Oklahoma City-based Chesapeake Energy will sell half of its interest in its Mississippi Lime play assets to China's Sinopec International Petroleum Exploration and Production for $1.02 billion in cash.
Under the joint venture agreement, Sinopec will acquire a 50 percent undivided interest in 850,000 of Chesapeake's net oil and natural gas leasehold acres in the Mississippi Lime play in northern Oklahoma. Approximately 93 percent of the cash Sinopec is paying will be received upon closing of the deal.
The two companies will share all future exploration and development costs proportionately, with no drilling carries involved. Chesapeake will remain operator of the project, and will conduct all leasing, drilling, completion, operations and market activities for the joint venture.
Chesapeake Chief Operating Officer Steven C. Dixon said in a statement the Mississippi Lime joint venture would move the company further along in achieving its asset sales goals and "secures an excellent partner to share capital costs required to actively develop this very large, liquids-rich resource play."
Net production from Chesapeake's Mississippi Lime assets and other formations prior to the Sinopec acquisition averaged approximately 34,000 barrels of oil equivalent per day (boepd) in fourth quarter 2012. As of Dec. 31, 2013, approximately 140 million boepd of net proved reserves were associated with these assets.
The joint venture is expected to be completed in this year's second quarter.
Chesapeake's 24,000 boepd fourth quarter production from the play included 45 percent oil, 9 percent natural gas liquids and 46 percent natural gas, according to a Feb. 25 analyst note from GHS Research.
"The MS Lime sale comes in lower than already depressed expectations," GHS analysts noted.

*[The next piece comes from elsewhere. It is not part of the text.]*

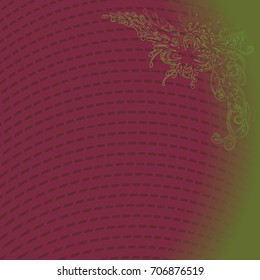 Abstract colorful pattern for background. Decorative backdrop can be used for wallpaper, pattern fills, web page background, surface textures.
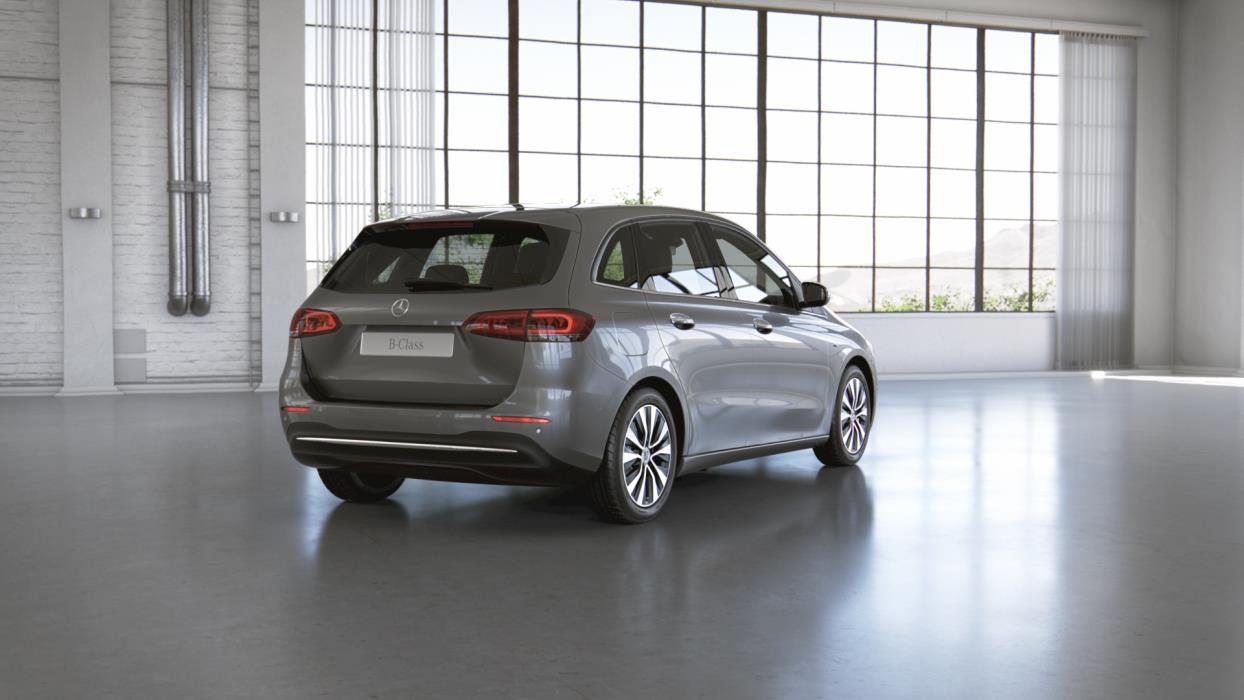 Mercedes-Benz B 2021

Chesapeake did the deal at the value of current production and reserves, according to GHS, including $60,000/flowing barrel of oil equivalent (boe) and $14.57/boe proved reserves, receiving little to no credit for the 425,000 undeveloped acres Chesapeake gave up to Sinopec.
The Chesapeake-Sinopec joint venture breaks out to $2,400/acre excluding production.
Two other joint ventures have previously been executed in the Mississippi Lime, both by SandRidge Energy, in 2011. In August of that year, SandRidge entered a joint venture with Atinum Partners Co. for 13.2 percent working interest in 860,000 acres for $500 million, or $4,425/acre.
In December 2011, SandRidge entered a second joint venture with Repsol YPF for 250,000 net acres in the extension Mississippi Lime play in western Kansas and 113,636 net acres in SandRidge's original Mississippi Lime play for a combined $1 billion, or $2,750/acre.
Both of those joint ventures were done at much more attractive terms, GHS commented.
"Chesapeake was counting on the Mississippi Lime sale to be one of its big ticket sale items in order to hit its divestiture goal of $5-$7 [billion] in 2013 – this deal highlights that Chesapeake still has a long road ahead."
The transaction metrics are slightly negative if current production from the assets are not included and a clear negative if 50 percent of existing production is included in the sales price.
"However, the asset sale also firms up our view that with the new management team, the company will be hitting the bids on asset sales rather than holding onto assets if the bids are not close to underlying value, "according to a Feb. 25 analysts report from Stifel, Nicolaus & Company.
While this takes away from the upside to a three-year unrisked net asset value (NAV) of $65/share, it does help the company move closer to a one-year risked NAV of $29/share, Stifel, Nicolaus & Company noted.
Chesapeake has been selling off assets in an effort to bridge a $4 billion funding gap and shift its focus from drilling natural gas to oil. Dow Jones Newswires reported last week that the company's fourth quarter earnings fell 36 percent in spite of higher revenue as the company pared crushing debt.